Zimbabwe’s Finance Minister Mthuli Ncube has announced an historic plan that will see the Government compensating individuals who had US$1 000 or less in the bank at the time of currency conversions.
Last June, the country effectively ended the multi-currency system, which had been in place since 2009.
Value loss has been concern for most Zimbabweans, but the Government has never admitted to worsening the country’s sovereign risk through some of its policy changes… until now.
And in an unprecedented move, Government will compensate the vulnerable for losses they incurred during the unavoidable currency reform process.
Presenting the 2021 National Budget in Parliament yesterday, Finance and Economic Development Minister Mthuli Ncube this afternoon said small and vulnerable households with deposits less than US$1 000 in the bank at conversion will be compensated.
“As part of a broader reform process under the Transitional Stabilisation Programme, Government through the Central Bank introduced market determined exchange rate through the Monetary Policy of (SI 33 of 2019) on 20 February 2019. This entail transition from exchange rate of US$1: RTGS$1, initially to US$1: RTGS$2,5 and thereafter determined by the interbank market activities.
“This transition resulted in currency losses to small and vulnerable households with deposits less than US$1 000 in the bank. The movement in the exchange rate from US$1: RTGS$1 to US$1: RTGS$2,5 resulted in a loss for such depositors,” he said.
“Therefore, Government has made a decision to compensate the small and vulnerable depositors who had US$1 000 and below, for the exchange rate movement loss from US$1: RTGS$1 to US$1: RTGS$2,5, with resources equivalent to US$75 million. The resources will be administered by the Deposit Protection Corporation (DPC).”

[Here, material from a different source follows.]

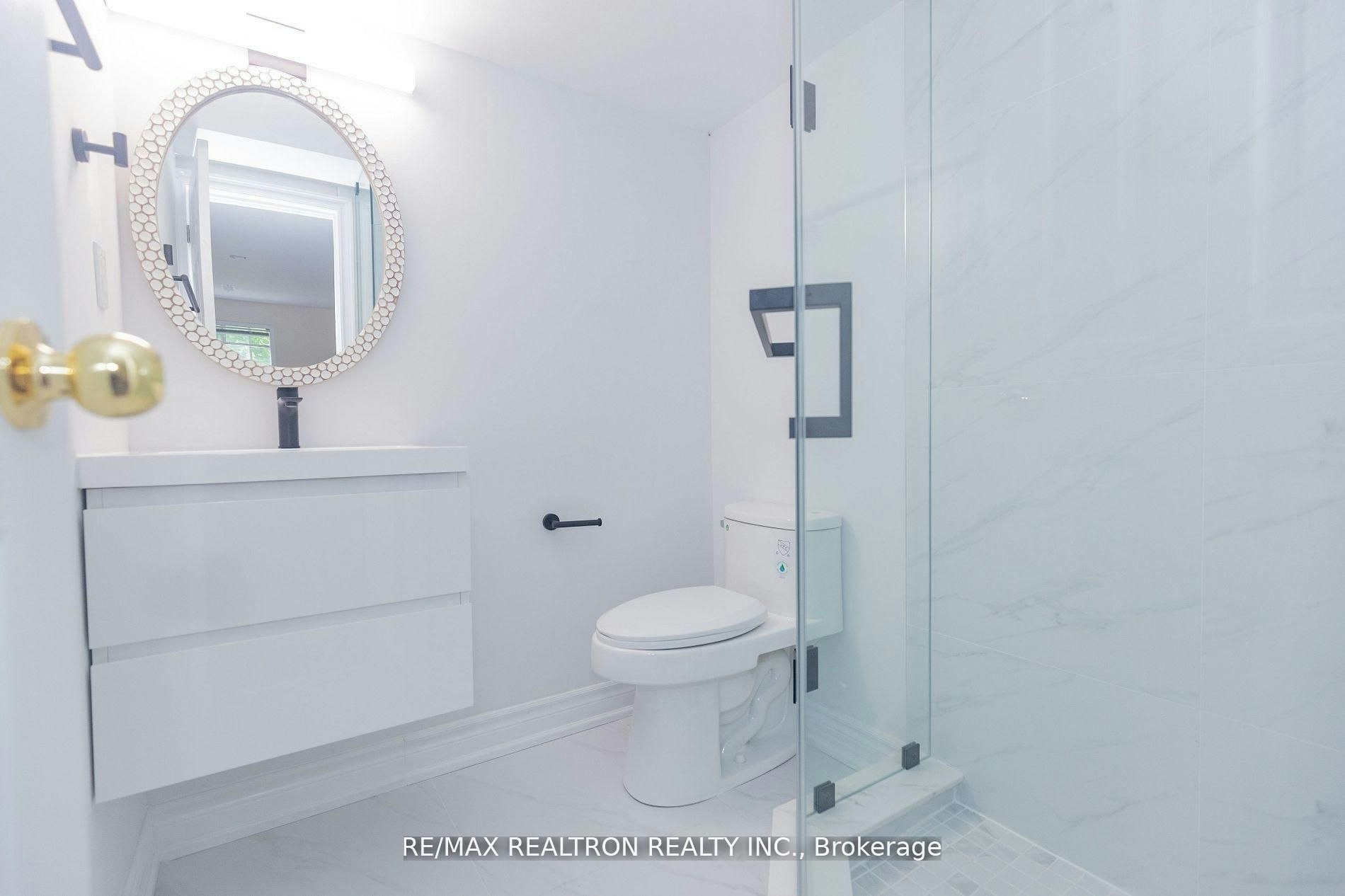 Lower-129 Sexton Crescent, Toronto, ON, M2H 2L7 - 9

The Finance Minister said the proposed compensation framework will also extend to the country’s pensioners.
“Similarly, the above development affected pensioners, with the transition causing losses for pensioners as at 20 February 2019. They too will be compensated with resources equivalent to US$75 million, which will be co-managed by Government and the Insurance Pension Commission (IPEC). This arrangement excludes recommended compensation under the Smith Report,” he added.